* **AIM OF THE EXERCISE**
Every line from the opening of the records to the line with "Συνελήφθη 18χρονος ημεδαπός" should be restated exactly, with both ends included and the pictures left out.

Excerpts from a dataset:
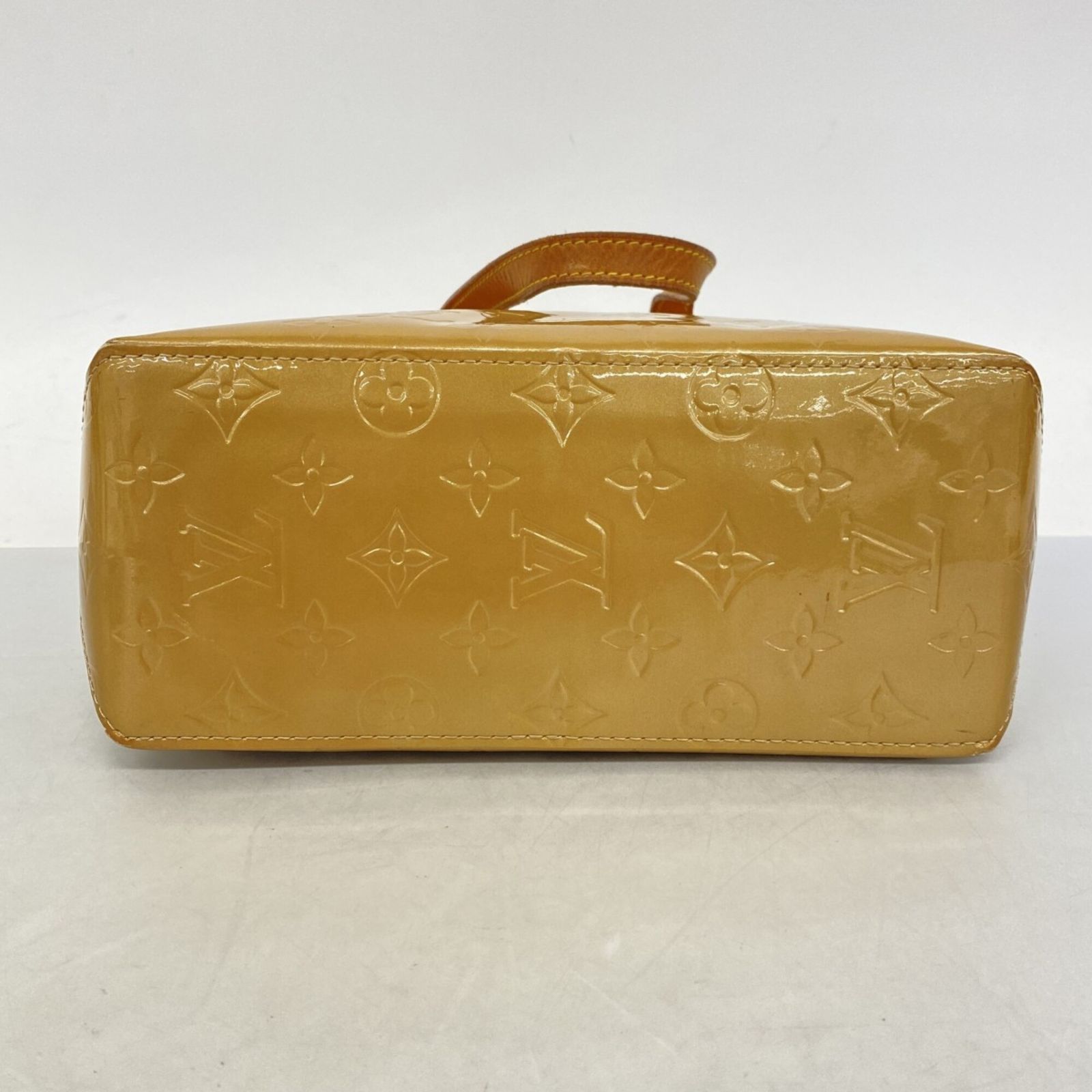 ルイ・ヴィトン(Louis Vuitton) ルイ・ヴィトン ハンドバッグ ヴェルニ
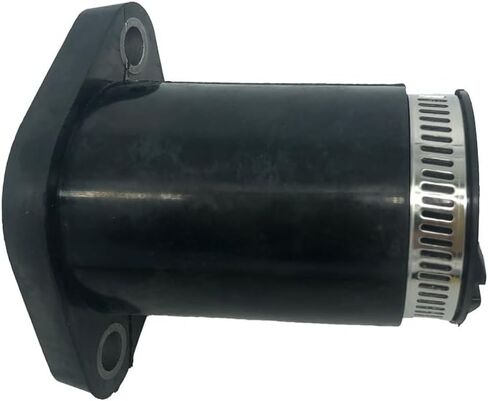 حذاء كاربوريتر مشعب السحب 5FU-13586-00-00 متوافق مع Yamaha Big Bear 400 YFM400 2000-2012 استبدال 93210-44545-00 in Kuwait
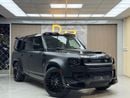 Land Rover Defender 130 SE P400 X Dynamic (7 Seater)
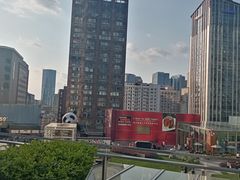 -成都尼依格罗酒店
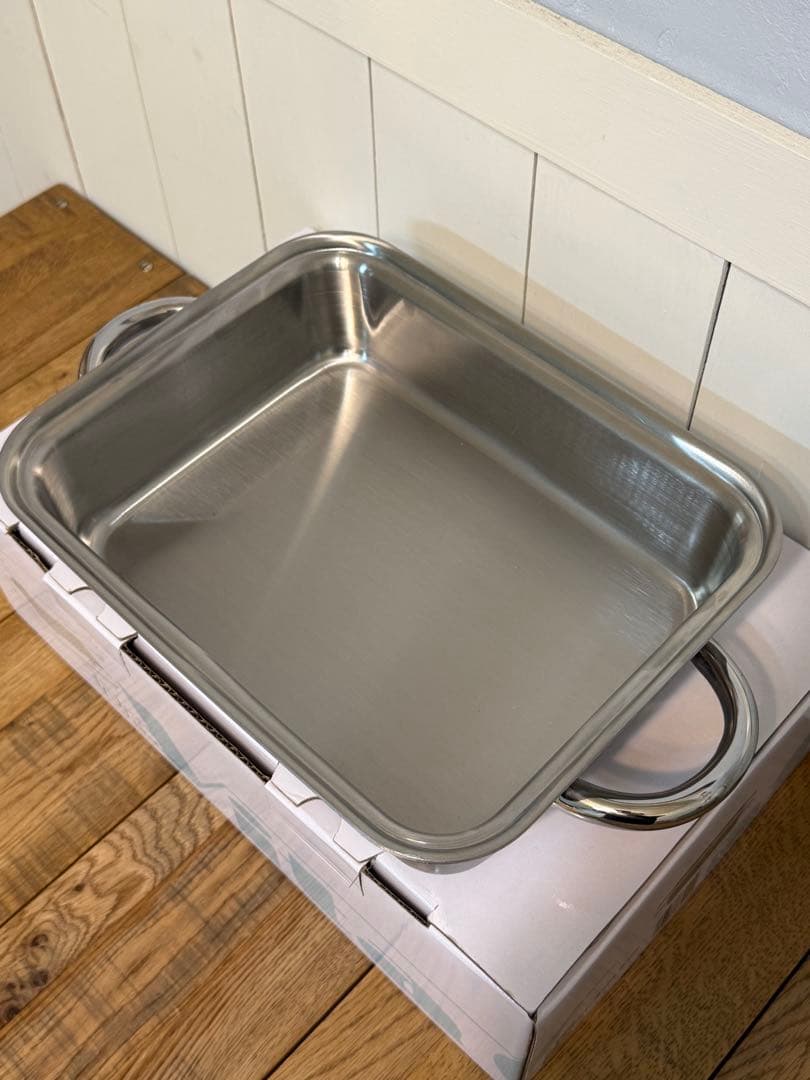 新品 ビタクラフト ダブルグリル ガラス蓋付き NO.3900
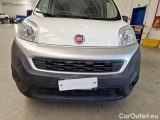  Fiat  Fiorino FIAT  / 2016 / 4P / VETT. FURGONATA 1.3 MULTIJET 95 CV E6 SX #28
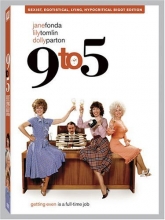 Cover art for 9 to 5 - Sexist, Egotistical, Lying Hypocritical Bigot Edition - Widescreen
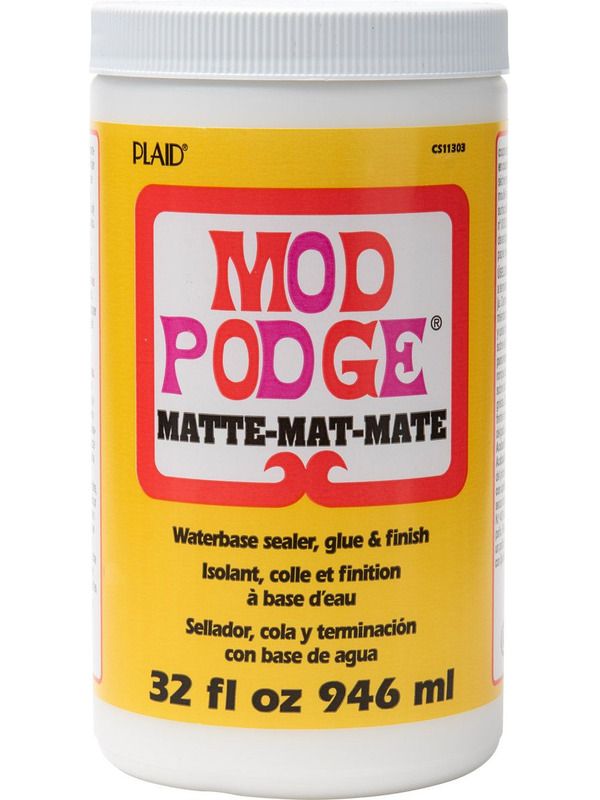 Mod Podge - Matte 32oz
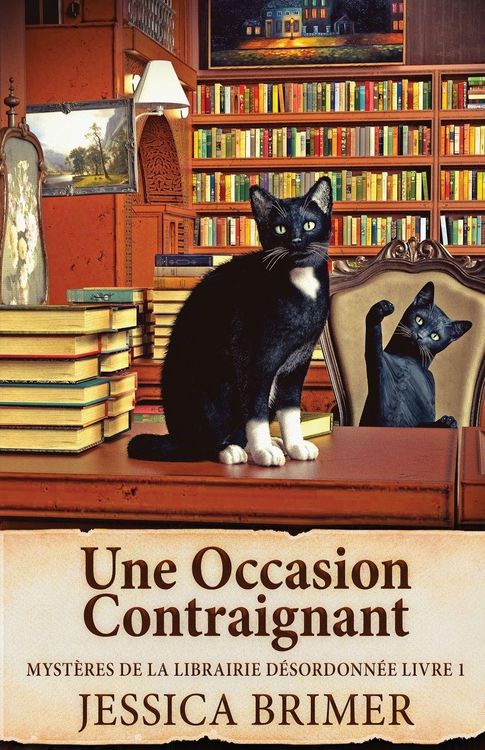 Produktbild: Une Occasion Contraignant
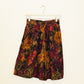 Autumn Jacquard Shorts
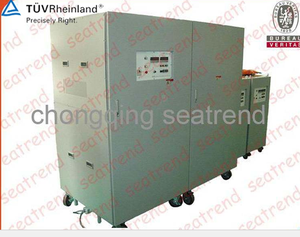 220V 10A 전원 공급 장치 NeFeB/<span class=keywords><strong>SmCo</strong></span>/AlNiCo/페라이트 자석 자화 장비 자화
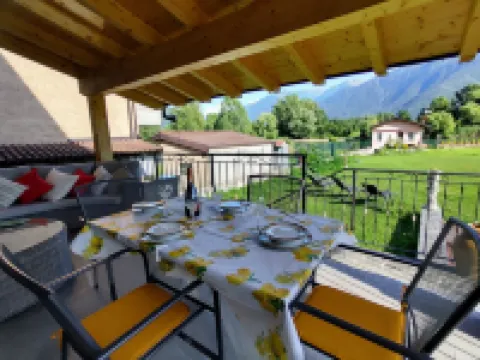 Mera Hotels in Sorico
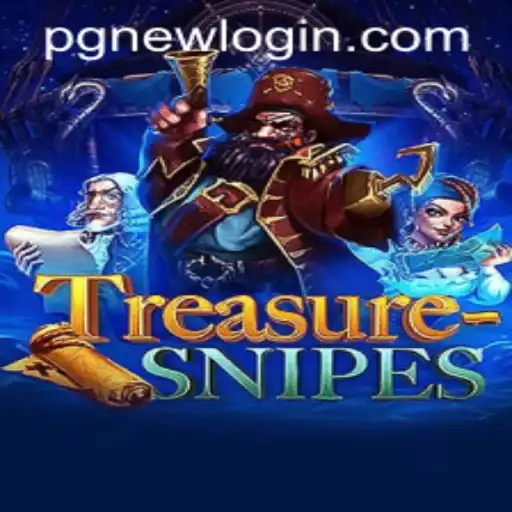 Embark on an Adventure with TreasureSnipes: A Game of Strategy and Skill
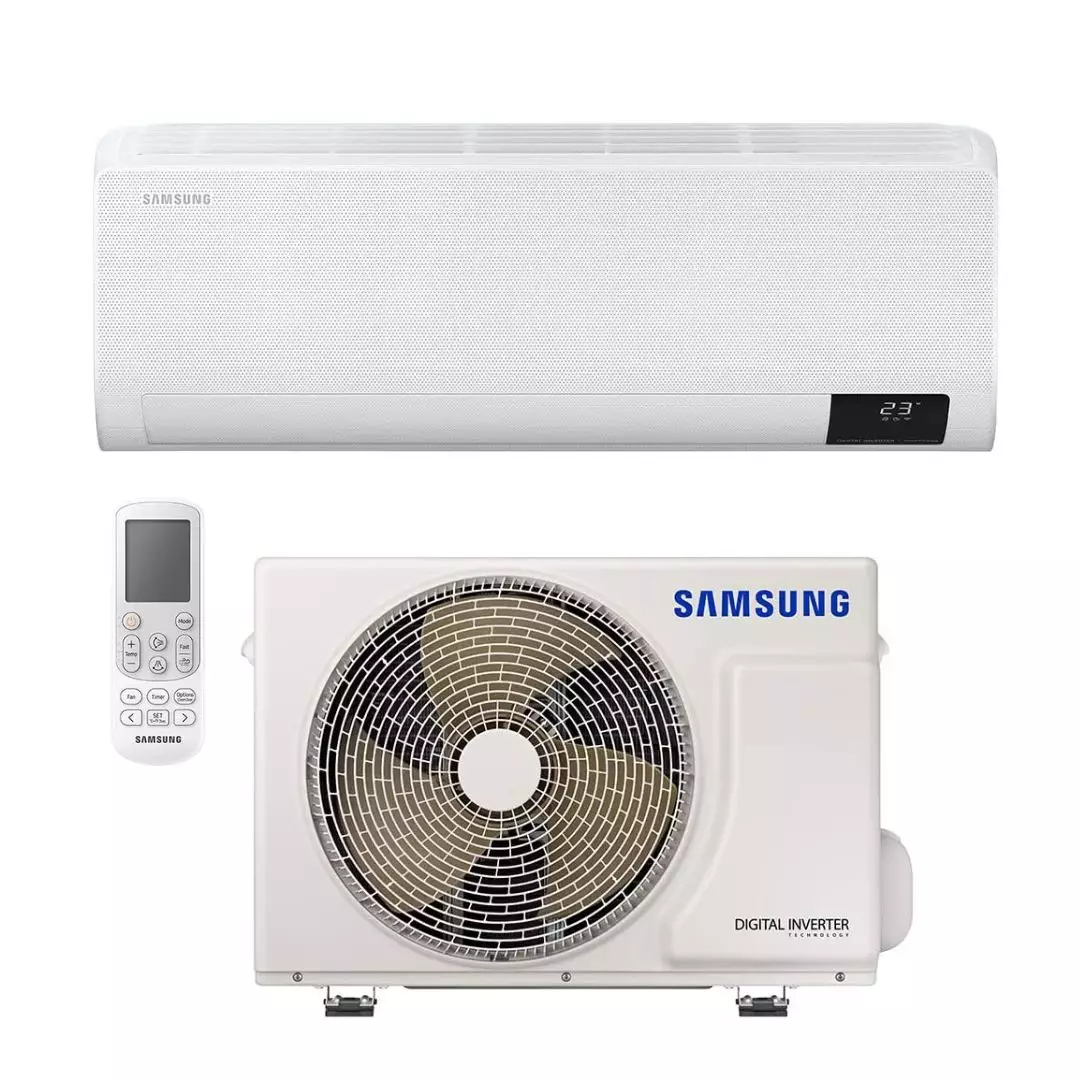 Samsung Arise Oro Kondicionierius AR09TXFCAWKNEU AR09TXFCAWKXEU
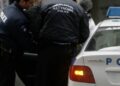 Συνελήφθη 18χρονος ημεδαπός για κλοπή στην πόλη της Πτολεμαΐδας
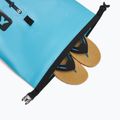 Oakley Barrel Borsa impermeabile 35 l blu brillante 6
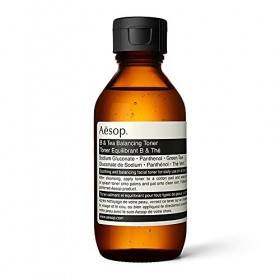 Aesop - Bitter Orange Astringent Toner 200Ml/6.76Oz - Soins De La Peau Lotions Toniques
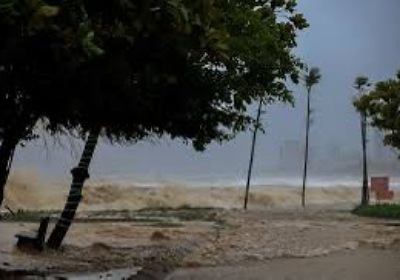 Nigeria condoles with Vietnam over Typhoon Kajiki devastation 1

* **PROBLEM SOLUTION**
 ルイ・ヴィトン(Louis Vuitton) ルイ・ヴィトン ハンドバッグ ヴェルニ
 حذاء كاربوريتر مشعب السحب 5FU-13586-00-00 متوافق مع Yamaha Big Bear 400 YFM400 2000-2012 استبدال 93210-44545-00 in Kuwait
 Land Rover Defender 130 SE P400 X Dynamic (7 Seater)
 -成都尼依格罗酒店
 新品 ビタクラフト ダブルグリル ガラス蓋付き NO.3900
  Fiat  Fiorino FIAT  / 2016 / 4P / VETT. FURGONATA 1.3 MULTIJET 95 CV E6 SX #28
 Cover art for 9 to 5 - Sexist, Egotistical, Lying Hypocritical Bigot Edition - Widescreen
 Mod Podge - Matte 32oz
 Produktbild: Une Occasion Contraignant
 Autumn Jacquard Shorts
 220V 10A 전원 공급 장치 NeFeB/<span class=keywords><strong>SmCo</strong></span>/AlNiCo/페라이트 자석 자화 장비 자화
 Mera Hotels in Sorico
 Embark on an Adventure with TreasureSnipes: A Game of Strategy and Skill
 Samsung Arise Oro Kondicionierius AR09TXFCAWKNEU AR09TXFCAWKXEU
 Συνελήφθη 18χρονος ημεδαπός για κλοπή στην πόλη της Πτολεμαΐδας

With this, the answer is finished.